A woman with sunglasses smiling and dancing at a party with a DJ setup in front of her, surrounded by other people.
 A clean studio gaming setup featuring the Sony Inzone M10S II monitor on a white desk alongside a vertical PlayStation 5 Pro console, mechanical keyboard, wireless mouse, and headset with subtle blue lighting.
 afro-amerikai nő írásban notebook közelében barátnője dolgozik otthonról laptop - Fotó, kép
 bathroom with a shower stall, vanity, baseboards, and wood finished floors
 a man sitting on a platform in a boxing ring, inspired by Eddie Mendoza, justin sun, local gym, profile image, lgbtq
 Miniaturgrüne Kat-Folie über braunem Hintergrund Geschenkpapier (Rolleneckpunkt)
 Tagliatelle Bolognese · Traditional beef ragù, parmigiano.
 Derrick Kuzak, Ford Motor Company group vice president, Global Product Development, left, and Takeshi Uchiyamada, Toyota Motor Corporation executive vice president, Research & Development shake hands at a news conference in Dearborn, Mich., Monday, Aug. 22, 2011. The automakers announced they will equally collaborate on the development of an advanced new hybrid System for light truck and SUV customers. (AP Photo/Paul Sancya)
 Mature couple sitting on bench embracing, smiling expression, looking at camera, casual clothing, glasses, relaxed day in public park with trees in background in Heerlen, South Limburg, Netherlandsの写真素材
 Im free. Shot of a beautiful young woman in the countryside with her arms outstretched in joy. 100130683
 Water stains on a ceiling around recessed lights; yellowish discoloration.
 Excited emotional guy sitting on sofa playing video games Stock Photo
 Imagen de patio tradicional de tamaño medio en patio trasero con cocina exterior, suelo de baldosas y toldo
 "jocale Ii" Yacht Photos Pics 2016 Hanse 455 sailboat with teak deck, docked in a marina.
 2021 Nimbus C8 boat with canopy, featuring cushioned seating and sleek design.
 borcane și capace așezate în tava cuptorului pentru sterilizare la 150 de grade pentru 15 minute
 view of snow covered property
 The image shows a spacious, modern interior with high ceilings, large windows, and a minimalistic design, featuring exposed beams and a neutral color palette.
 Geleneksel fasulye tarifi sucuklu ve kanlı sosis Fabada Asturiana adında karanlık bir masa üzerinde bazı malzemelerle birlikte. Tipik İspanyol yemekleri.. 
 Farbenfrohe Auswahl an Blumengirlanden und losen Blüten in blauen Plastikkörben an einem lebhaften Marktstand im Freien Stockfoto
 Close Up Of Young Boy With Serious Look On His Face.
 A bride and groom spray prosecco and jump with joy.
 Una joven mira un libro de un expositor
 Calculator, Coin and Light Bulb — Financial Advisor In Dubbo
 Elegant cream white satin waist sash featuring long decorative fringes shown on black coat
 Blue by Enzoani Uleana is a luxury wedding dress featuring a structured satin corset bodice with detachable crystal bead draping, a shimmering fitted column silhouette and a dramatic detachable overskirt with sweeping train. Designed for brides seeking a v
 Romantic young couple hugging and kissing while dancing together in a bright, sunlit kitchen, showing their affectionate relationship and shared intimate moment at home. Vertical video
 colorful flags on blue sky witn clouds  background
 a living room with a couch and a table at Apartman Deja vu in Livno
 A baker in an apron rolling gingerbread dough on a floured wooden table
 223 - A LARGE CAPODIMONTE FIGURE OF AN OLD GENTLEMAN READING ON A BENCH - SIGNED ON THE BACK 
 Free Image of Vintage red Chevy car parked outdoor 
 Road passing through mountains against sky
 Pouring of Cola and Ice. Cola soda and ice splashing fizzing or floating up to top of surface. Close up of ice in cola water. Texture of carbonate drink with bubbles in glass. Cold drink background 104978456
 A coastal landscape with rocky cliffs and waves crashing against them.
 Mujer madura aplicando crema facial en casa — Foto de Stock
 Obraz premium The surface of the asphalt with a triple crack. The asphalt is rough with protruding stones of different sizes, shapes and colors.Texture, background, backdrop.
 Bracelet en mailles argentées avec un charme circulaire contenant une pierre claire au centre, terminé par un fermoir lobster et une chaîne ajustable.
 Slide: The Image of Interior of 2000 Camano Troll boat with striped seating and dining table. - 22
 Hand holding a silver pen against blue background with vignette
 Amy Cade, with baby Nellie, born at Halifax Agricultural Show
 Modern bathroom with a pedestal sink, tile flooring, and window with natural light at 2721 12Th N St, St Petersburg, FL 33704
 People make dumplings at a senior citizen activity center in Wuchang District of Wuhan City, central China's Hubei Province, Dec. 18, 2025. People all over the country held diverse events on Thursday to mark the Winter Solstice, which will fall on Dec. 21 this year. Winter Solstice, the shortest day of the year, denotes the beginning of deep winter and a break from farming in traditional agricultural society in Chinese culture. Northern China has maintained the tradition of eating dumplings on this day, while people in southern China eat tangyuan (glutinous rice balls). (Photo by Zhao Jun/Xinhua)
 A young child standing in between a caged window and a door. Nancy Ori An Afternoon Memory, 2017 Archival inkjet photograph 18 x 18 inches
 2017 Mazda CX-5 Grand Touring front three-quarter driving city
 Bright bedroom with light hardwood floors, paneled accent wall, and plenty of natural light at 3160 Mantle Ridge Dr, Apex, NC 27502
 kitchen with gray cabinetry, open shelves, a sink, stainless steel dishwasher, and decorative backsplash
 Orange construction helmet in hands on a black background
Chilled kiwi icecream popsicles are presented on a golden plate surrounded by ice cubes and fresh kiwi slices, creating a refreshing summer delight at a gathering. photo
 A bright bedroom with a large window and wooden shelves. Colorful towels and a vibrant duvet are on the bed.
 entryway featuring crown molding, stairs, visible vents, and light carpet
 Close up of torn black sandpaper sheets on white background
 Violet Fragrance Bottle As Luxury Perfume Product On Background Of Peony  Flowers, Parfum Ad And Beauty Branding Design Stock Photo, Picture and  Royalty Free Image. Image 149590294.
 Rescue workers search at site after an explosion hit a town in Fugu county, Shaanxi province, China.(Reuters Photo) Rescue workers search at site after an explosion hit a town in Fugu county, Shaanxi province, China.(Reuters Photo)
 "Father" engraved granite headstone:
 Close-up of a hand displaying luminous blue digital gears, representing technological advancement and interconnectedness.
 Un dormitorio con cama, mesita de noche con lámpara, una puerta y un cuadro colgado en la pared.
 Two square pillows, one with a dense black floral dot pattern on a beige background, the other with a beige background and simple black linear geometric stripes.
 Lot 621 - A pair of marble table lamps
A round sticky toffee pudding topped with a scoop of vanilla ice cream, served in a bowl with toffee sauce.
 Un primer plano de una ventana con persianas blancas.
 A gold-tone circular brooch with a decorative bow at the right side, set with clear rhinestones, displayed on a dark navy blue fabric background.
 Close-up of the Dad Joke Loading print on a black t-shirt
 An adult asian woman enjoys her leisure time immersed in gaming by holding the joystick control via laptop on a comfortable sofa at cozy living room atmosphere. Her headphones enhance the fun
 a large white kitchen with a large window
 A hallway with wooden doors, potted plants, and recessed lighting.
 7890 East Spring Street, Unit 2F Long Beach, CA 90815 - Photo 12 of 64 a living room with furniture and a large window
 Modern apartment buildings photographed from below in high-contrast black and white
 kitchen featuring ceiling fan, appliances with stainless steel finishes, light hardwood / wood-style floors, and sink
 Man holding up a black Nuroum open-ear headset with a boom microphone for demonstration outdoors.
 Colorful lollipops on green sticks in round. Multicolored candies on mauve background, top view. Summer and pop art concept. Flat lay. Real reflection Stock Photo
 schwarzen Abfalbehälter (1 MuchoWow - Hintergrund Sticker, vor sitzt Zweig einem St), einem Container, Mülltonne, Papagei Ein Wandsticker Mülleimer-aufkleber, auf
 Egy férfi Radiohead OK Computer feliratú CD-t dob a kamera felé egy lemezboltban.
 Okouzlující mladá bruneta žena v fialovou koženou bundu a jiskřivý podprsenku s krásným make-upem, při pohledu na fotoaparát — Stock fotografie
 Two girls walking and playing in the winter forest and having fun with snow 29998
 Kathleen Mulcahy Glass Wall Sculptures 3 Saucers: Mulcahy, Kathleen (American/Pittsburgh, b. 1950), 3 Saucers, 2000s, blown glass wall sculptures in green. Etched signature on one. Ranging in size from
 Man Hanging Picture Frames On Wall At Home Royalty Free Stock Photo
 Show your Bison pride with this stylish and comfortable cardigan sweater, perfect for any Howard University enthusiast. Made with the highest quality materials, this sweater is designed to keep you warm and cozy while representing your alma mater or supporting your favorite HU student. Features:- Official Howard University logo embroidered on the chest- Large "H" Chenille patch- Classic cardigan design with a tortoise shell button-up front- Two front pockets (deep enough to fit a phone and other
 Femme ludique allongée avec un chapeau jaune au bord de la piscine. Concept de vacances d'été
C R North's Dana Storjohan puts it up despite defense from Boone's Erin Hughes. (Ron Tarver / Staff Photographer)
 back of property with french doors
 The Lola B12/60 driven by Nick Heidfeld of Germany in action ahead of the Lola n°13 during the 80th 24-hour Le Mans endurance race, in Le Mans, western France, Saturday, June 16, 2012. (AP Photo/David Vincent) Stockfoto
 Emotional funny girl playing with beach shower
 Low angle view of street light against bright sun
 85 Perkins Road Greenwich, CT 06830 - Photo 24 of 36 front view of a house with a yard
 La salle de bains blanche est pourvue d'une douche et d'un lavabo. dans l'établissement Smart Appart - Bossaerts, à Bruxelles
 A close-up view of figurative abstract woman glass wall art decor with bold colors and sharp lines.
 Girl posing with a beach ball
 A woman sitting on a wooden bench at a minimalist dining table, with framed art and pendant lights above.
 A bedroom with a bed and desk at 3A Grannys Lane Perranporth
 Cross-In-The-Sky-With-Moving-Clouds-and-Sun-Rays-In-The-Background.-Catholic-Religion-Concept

════

**Task details:** Repeat word for word the lines above that run from the line containing "Two girls walking" through the line containing "Man Hanging Picture", both ends included, and nothing else.

**Solution for this task:**
 Two girls walking and playing in the winter forest and having fun with snow 29998
 Kathleen Mulcahy Glass Wall Sculptures 3 Saucers: Mulcahy, Kathleen (American/Pittsburgh, b. 1950), 3 Saucers, 2000s, blown glass wall sculptures in green. Etched signature on one. Ranging in size from
 Man Hanging Picture Frames On Wall At Home Royalty Free Stock Photo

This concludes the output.